Where I used to work they would regularly order breakfast from one of the local eateries. nothing formal. Place your order pays your money.
So I got in cahoots with the woman who did the ordering and would once or twice a week pay for someone else's breakfast. Anonymously. They'd draw name from the list and that person would have a surprise that day. Cost a few extra bucks but it always made that person's day.
After a few months I noticed the winners would then start paying it forward as well, buying for someone else (but not anonymously).
It was 4 years before they finally figured out it was me.
So I love this story.
Don't forget to pour the wine for your friends.
God Bless old Fezziwig
MSNBC:
Mystery pair at diner spark cascade of giving
Couple pay another table’s tab, and chain reaction of generosity lasts hours
By Danielle Johnson
NBCPhiladelphia.com
updated 5:09 p.m. ET, Mon., Dec . 14, 2009
PHILADELPHIA - It played like a scene from a holiday movie — a mystery couple, who didn’t leave their names or numbers, walked into a restaurant, finished their meal and then set off a chain reaction of generosity that lasted for hours.
That’s just what employees at the Aramingo Diner in the Port Richmond section of Philadelphia said a man and a woman did during their breakfast shift Saturday morning.
“It was magical. I had tears in my eyes because it never happened before. I’ve been here for 10 years, and I’ve never seen anything like that,” said Lynn Willard, a waitress.
Willard and other waitresses told NBC Philadelphia that the couple started the chain reaction by paying double: for their own meal and for the tab of another table of diners at the restaurant. There's no evidence that one group of diners knew the others.

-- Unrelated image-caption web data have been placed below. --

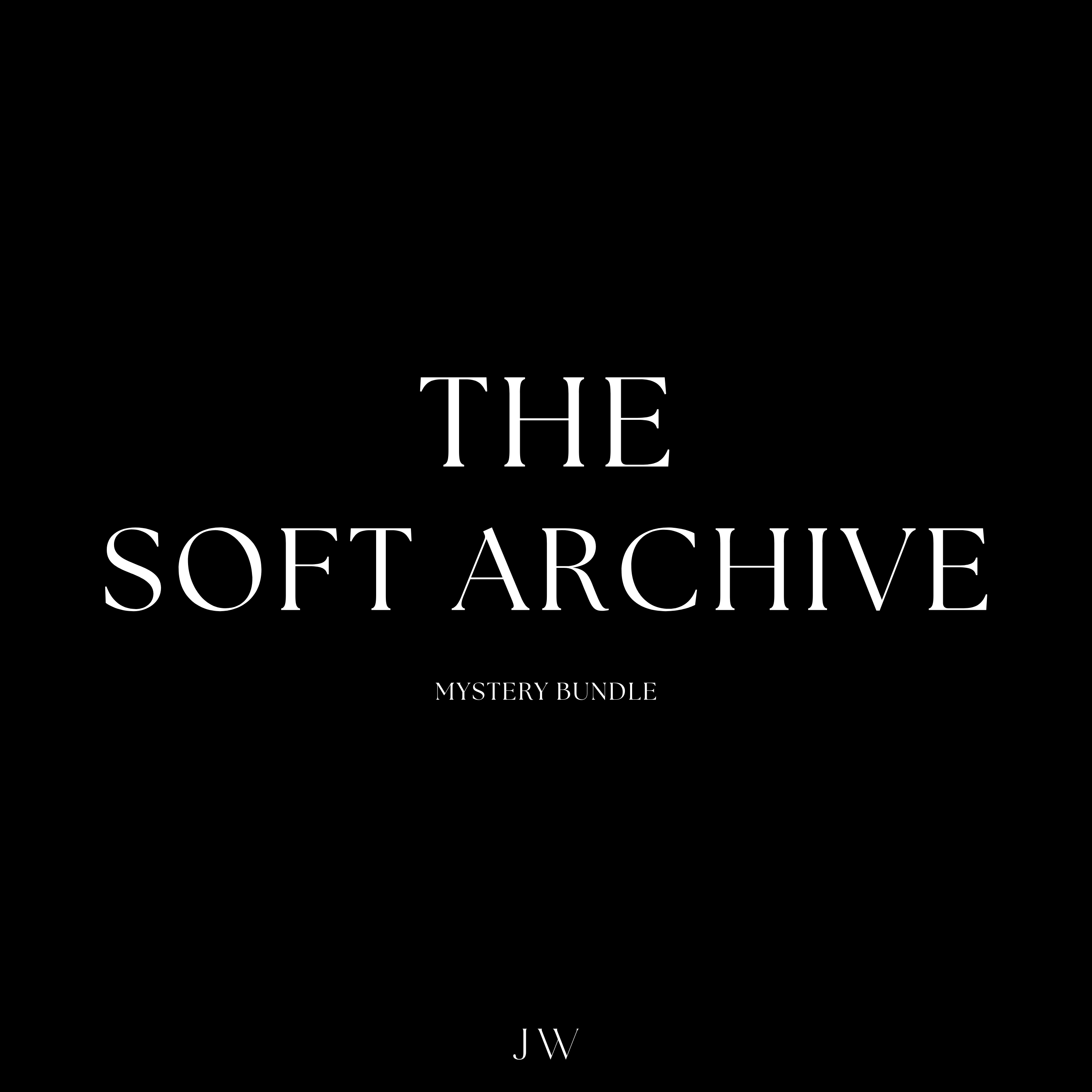 The Soft Archive - Mystery Box (Ready to Ship)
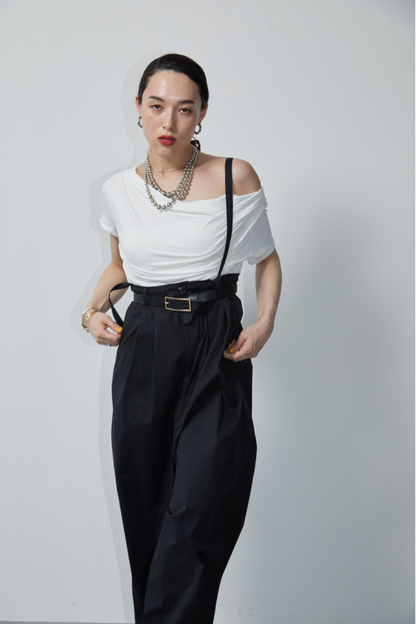 Wide leg 2way overalls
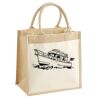 Cotton Pocket Jute Midi Tote Thumbnail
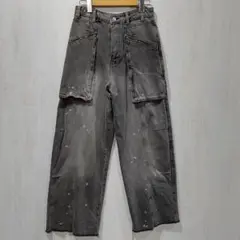 ZARA LOOSE ミッドライズデニムパンツ EUR34 USA2 MEX24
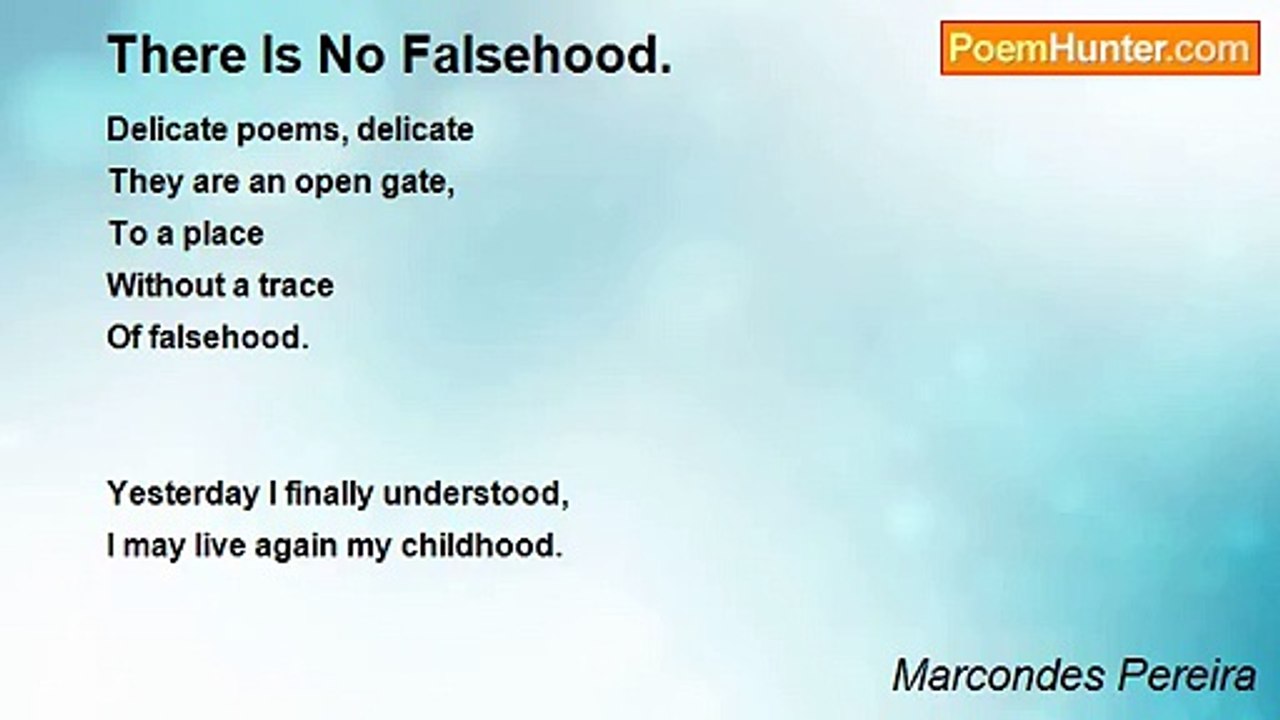 Marcondes Pereira - There Is No Falsehood.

“I could not believe it. And it continued and continued — it was very nice,” said Willard. “They asked us not to say anything until they left, say, ‘Merry Christmas, that person picked up your check.’”
For the next five hours, dozens of patrons got into that same holiday spirit and paid the favor forward.
The diner’s manager said not one person was concerned about price of the check — which ran between $12 and $30.
“It was a surprise to all of us; the girls were even taken aback,” said the diner's manager. “Those who took the check also tipped the waitress. So nobody had to do anything other than pass it on, and that’s what they did. They just passed it forward.”
It’s a true holiday story that proves how a small gesture of kindness can create some magic.